Improvement in thermal efficiency of a steam turbine used in a thermal power station and the like has become an important task leading to efficient use of energy resources and a reduction in carbon dioxide (CO2) emission. Effectively converting given energy to mechanical work makes it possible to achieve the improvement in thermal efficiency of a steam turbine. To achieve this, reducing various internal losses is required.
The internal losses of the steam turbine include a profile loss resulting from a blade shape, turbine cascade losses based on a secondary flow loss of steam, a leakage loss of steam, a moisture loss of steam, and so on, passage part losses in passages other than a cascade represented by a steam valve and a crossover pipe, turbine exhaust losses resulting from a turbine exhaust chamber, and so on.
Among these losses, the turbine exhaust loss is a large loss occupying 10% to 20% of all of the internal losses. The turbine exhaust loss is a loss generated from an outlet of a final stage of turbine stages to an inlet of a condenser. The turbine exhaust losses are further classified into a leaving loss, a hood loss, an annular area restriction loss, a turn-up loss, and so on. Among them, the hood loss is a pressure loss from an exhaust chamber to a condenser. The hood loss depends on a type, a shape, and a size of the exhaust chamber including a diffuser.
Generally, the pressure loss increases in proportion to the square of a flow velocity of the steam. Therefore, it is effective to reduce the flow velocity of the steam by increasing the size of the exhaust chamber in an allowable range. However, the increase in the size of the exhaust chamber is restricted by manufacturing cost, arrangement space of a building, and so on. When the size of the exhaust chamber is increased to reduce the hood loss, there are the above-stated restrictions. Besides, the hood loss depends on an axial velocity being a velocity in a turbine rotor axial direction, in other words, a volume flow rate passing through the exhaust chamber.
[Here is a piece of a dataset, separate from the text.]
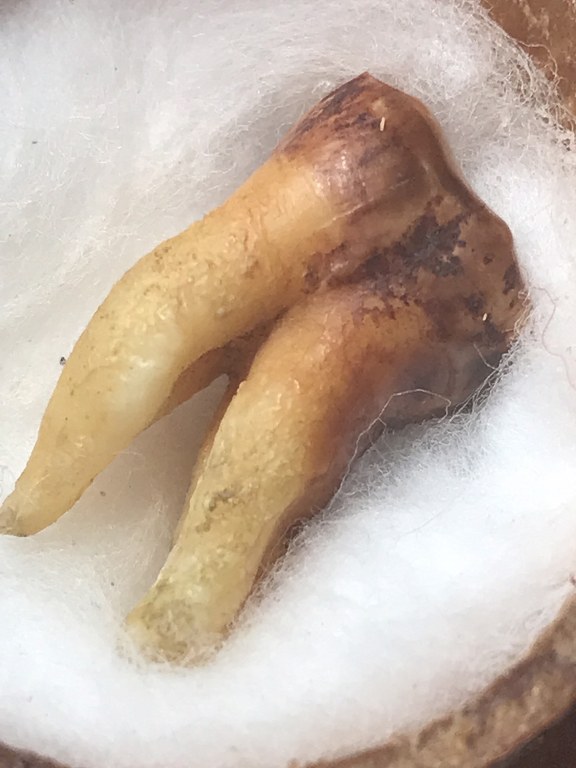 พระทันตธาตุ ครูบาใจมา วัดทุ่งจำลอง ต.แม่งอน อ.ฝาง จ.เชียงใหม่ องค์นี้ได้มาจากคุณลุงสันติ อายุ 79 ปี เป็นชาว อ.ฝาง จ.เชียงใหม่ คุณลุงสันติ เคยบวชเป็นพระ รับใช้ครูบาใจมา ตั้งแต่ปี พ.ศ. 2532-2540 ท่านสึกมาเมื่อปี 2541 มาดูสวนส้ม และดูแลคุณแม่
The hood loss depends on a design of the exhaust chamber including the diffuser. An exhaust chamber of a low-pressure turbine occupies a large capacity in a whole of the steam turbine. Accordingly, the increase in the size of the exhaust chamber to reduce the hood loss largely affects on a whole size and the manufacturing cost of the steam turbine. Therefore, it is important to enable a shape whose pressure loss is small within the limited size of the exhaust chamber.
In a double-flow exhaust type (double flow type) low-pressure turbine including a conventional exhaust chamber in a downward exhaust type, steam passing through a rotor blade of a final turbine stage is led to an annular diffuser made up of a steam guide and a bearing cone. The steam led to the diffuser flows out radially toward outside in a radial direction. A flow of the steam flowing out radially is turned by a casing and so on, and the steam is led to the condenser provided at downward of the steam turbine.
In the low-pressure turbine as stated above, it is important to decelerate the flow at the annular diffuser and to enough recover a static pressure to reduce the pressure loss (static pressure loss) in the exhaust chamber. However, in the low-pressure turbine as stated above, for example, when an inclination angle of an inner surface at an inlet of the steam guide relative to the turbine rotor axial direction is large, the steam separates at a position near an inlet in the diffuser. The separation as stated above remarkably occurs when the flow of the steam cannot be turned moderately in the diffuser, specifically, when a distance of the bearing cone in the turbine rotor axial direction is short.
Conventionally, an attempt to make a shape of a tip part (shroud) of the rotor blade at the final turbine stage into a shape steeply expanding toward outside in the radial direction to thereby suppress the separation of the flow at the steam guide has been done.
However, the suppression of the separation of the flow at the steam guide in the conventional steam turbine is not sufficient. Accordingly, a technology in which the pressure loss in the exhaust chamber is certainly reduced in the steam turbine has been required.